In a May 3 video address, Mayor Jon Mitchell said the move came as an attempt to “strike the right balance” between families’ social day needs and the need for more traditional senior center programming.

“We want to make sure that our services are relevant and that they’re effective,” he said.

“We’ve had, over the years, some shifting interest in the programs that are offered,” Mitchell said. “Some seniors and their families have expressed interest in doing more social day care than in times past, whereas others still want the traditional services.”

“So what we’ve announced, based on the recommendation of the Council on Aging, is that we’re going to go to a model in which the traditional services are going to be offered out of Buttonwood Park at the Warming Center. It’s a great place. It’s a very prominent building centrally located in the city in a place that is really well-suited to doing both indoor and outdoor activities for our seniors.”

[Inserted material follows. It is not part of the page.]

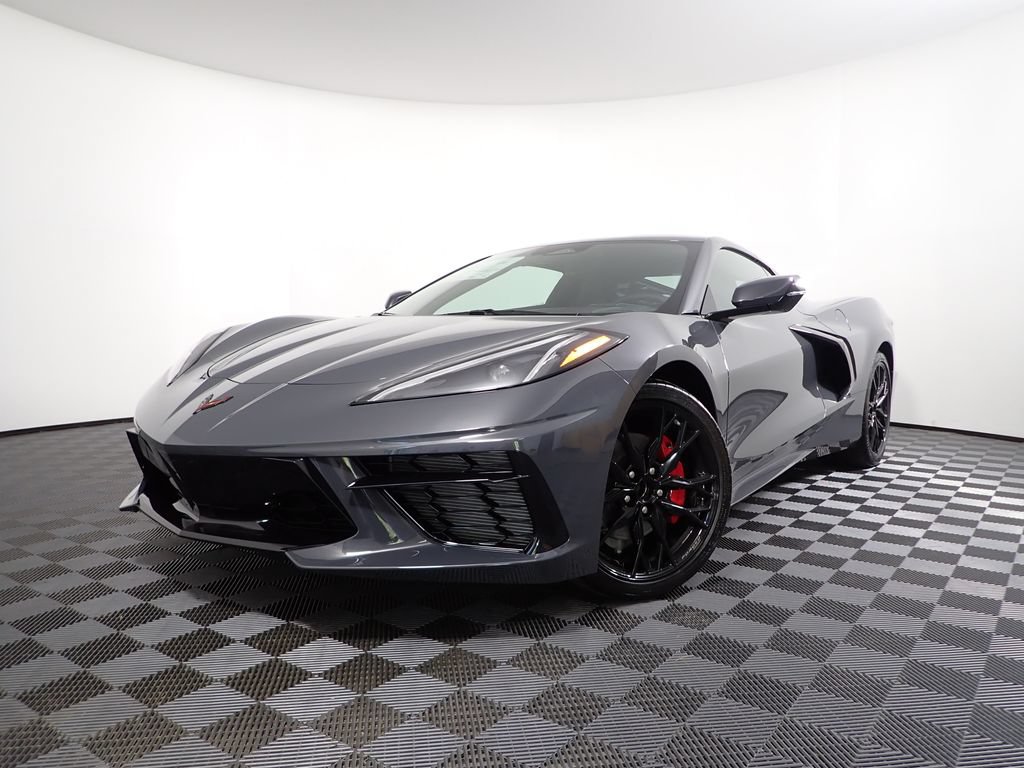 New 2027 Chevrolet Corvette Stingray Coupe w/ 1LT RWD image 2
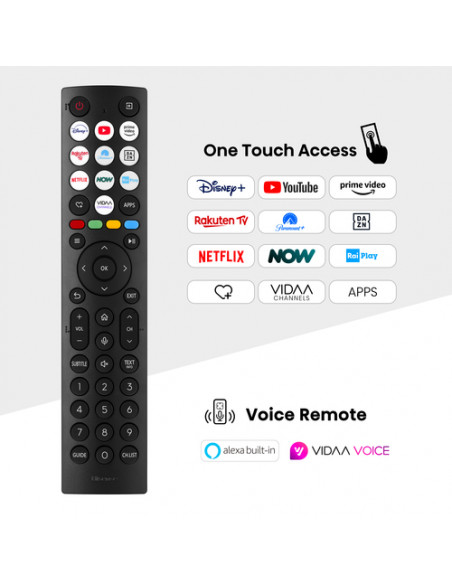 Hisense TV QLED 50" 4K Ultra HD 50E7NQ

The city and Council on Aging are asking for feedback from seniors, Mitchell added.

“Our Council on Aging wants your feedback, as we do in every aspect of city government, to find out what we can do better and to continue to improve,” he said in the video address. “I encourage our seniors and their families to offer that feedback so we can incorporate it into the programming.

The COA distributed a survey at the Buttonwood opening asking people to tell them how often they visit the Senior Center and what activities they’d like to see among other questions.